» What to produce
Could you set down the listing below exactly and omit its images?

» Dataset section

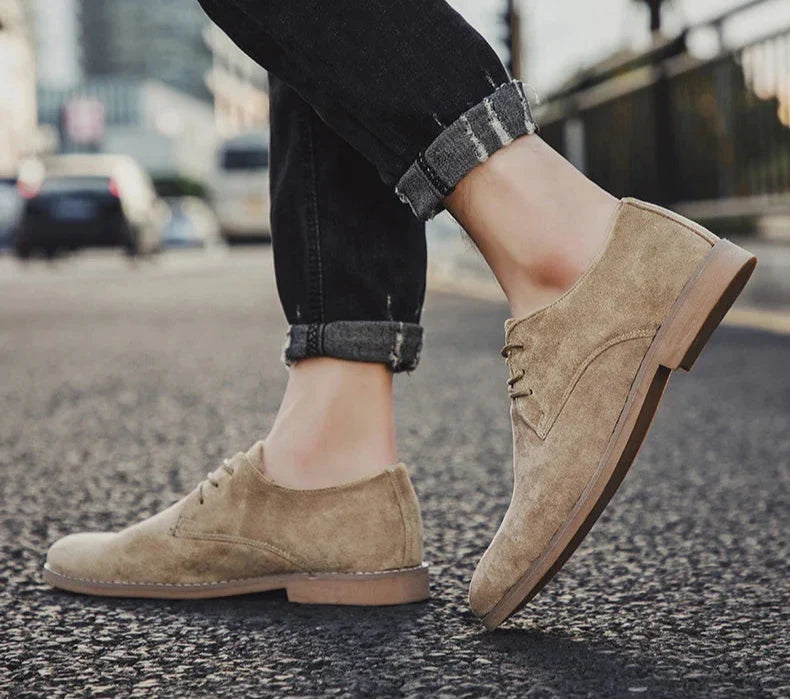 WW | Atmungsaktiv Weich Anzugschuhe Herren Aus Kalbsleder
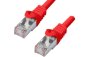 Preview: DINIC Cat.6 Premium Patchkabel, PiMF/S-FTP, LSZH, rot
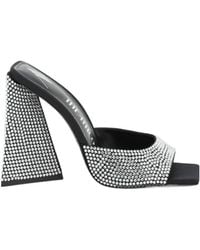The Attico - The Devon Embellished Slip-On Mules - Lyst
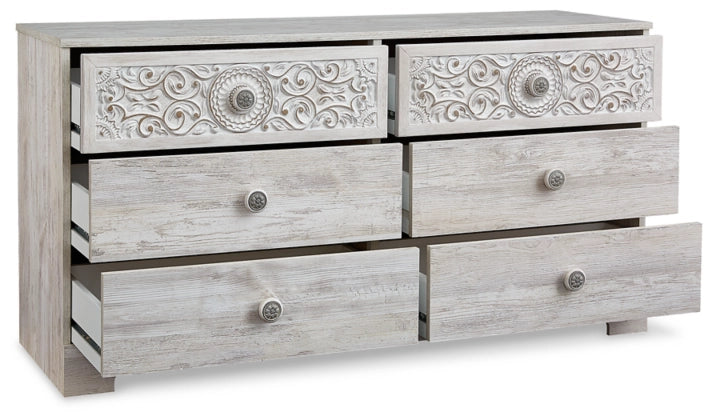 Paxberry Six Drawer Dresser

» Answer box
 WW | Atmungsaktiv Weich Anzugschuhe Herren Aus Kalbsleder
 Preview: DINIC Cat.6 Premium Patchkabel, PiMF/S-FTP, LSZH, rot
The Attico - The Devon Embellished Slip-On Mules - Lyst
 Paxberry Six Drawer Dresser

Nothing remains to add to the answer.